*Assigned task*
Repeat exactly the opening lines of the records, ending with the line that contains "Monty Suites Calabar".

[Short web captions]
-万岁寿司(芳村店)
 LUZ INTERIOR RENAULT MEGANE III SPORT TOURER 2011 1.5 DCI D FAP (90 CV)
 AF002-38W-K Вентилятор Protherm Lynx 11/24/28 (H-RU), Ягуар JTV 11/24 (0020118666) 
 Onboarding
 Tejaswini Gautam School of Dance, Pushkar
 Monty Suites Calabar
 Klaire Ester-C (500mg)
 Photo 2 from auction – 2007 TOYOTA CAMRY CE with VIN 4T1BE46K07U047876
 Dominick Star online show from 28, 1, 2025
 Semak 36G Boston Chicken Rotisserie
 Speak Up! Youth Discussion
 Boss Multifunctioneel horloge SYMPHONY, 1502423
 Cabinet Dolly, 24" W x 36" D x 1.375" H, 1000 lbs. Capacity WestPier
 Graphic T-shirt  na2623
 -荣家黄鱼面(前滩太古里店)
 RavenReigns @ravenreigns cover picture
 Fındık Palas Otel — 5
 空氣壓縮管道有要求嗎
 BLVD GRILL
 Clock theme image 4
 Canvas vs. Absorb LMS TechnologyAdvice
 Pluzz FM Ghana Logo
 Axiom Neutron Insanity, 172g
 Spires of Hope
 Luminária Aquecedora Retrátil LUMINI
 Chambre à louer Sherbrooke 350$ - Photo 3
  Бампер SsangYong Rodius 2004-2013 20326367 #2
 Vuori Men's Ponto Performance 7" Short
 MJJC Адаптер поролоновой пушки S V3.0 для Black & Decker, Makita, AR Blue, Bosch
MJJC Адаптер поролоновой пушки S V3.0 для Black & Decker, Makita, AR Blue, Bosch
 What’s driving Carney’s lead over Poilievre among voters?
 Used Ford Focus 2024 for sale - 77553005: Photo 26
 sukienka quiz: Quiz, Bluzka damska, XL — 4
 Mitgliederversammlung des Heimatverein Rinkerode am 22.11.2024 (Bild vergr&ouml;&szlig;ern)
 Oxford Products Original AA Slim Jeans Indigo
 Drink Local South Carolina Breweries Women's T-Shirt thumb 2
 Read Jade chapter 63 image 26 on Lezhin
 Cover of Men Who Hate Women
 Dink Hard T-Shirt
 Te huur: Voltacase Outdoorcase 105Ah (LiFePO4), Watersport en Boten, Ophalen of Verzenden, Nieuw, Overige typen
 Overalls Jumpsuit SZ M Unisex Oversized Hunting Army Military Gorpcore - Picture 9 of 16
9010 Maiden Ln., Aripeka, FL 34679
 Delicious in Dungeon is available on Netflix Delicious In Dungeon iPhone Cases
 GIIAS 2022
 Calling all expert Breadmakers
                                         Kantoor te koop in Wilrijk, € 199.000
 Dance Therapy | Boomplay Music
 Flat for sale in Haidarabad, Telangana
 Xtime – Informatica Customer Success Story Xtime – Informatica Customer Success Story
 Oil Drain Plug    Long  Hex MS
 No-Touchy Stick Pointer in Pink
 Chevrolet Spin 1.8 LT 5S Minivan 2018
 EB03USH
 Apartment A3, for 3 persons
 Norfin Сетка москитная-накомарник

*Result of the exercise*
-万岁寿司(芳村店)
 LUZ INTERIOR RENAULT MEGANE III SPORT TOURER 2011 1.5 DCI D FAP (90 CV)
 AF002-38W-K Вентилятор Protherm Lynx 11/24/28 (H-RU), Ягуар JTV 11/24 (0020118666) 
 Onboarding
 Tejaswini Gautam School of Dance, Pushkar
 Monty Suites Calabar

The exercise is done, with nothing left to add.